Multi-Point Deformation Prediction Model for Concrete Dams Based on Spatial Feature Vector

Appl. Sci. 2023, 13(20), 11212; https://doi.org/10.3390/app132011212
by Zhuoxun Chen * and Xiaosheng Liu
Reviewer 1:
Alicia Esther Ares
Reviewer 2: Anonymous
Reviewer 3: Anonymous
Appl. Sci. 2023, 13(20), 11212; https://doi.org/10.3390/app132011212
Submission received: 6 September 2023 / Revised: 9 October 2023 / Accepted: 11 October 2023 / Published: 12 October 2023
(This article belongs to the Special Issue Structural Health Monitoring for Concrete Dam)

Round 1

Reviewer 1 Report

The manuscript "Multi-point deformation prediction model for concrete dams based on spatial feature vector" is new, original and interesting. The authors combined with convolutional neural network, a dam deformation prediction model (2D-1D-CNN) based on spatial feature vectors is proposed.

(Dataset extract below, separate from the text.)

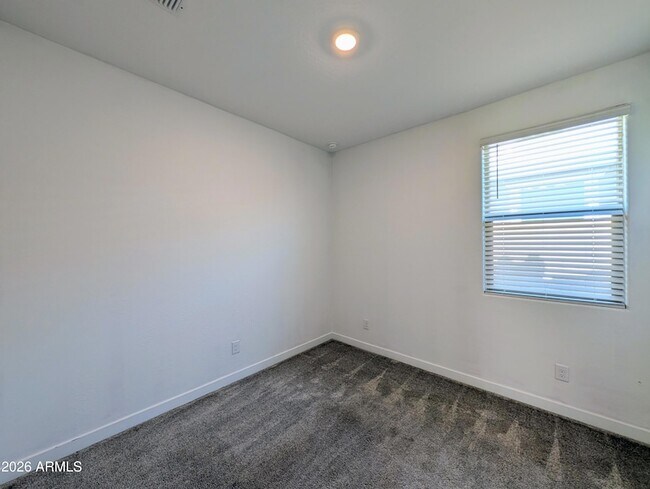 Building Photo - 9509 W Sells Dr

The case study shows that the proposed 2D-1D-CNN model is able to accurately predict the deformation of concrete dams so that it is effective and feasible. My recommendation is accept as is.

Author Response

Thank you very much for taking the time to review this manuscript and for acknowledging it.

Reviewer 2 Report

 

Manuscript ID applsci-2624370 entitled "Multi-point deformation prediction model for concrete dams based on spatial feature vector" has been reviewed, the study takes into consideration the importance of dam deformation monitoring in ensuring structural safety and proposes a 2D-1D-CNN dam deformation monitoring and prediction model for concrete dam, the manuscript is well-structured, clearly articulated, and the proposed model demonstrates a certain level of innovation, as well as better practical applicability. However, the following minor revision recommendations were provided as follows to enhance the clarity, accuracy, and readability of the manuscript, in alignment with the requirements of Applied Science Journal.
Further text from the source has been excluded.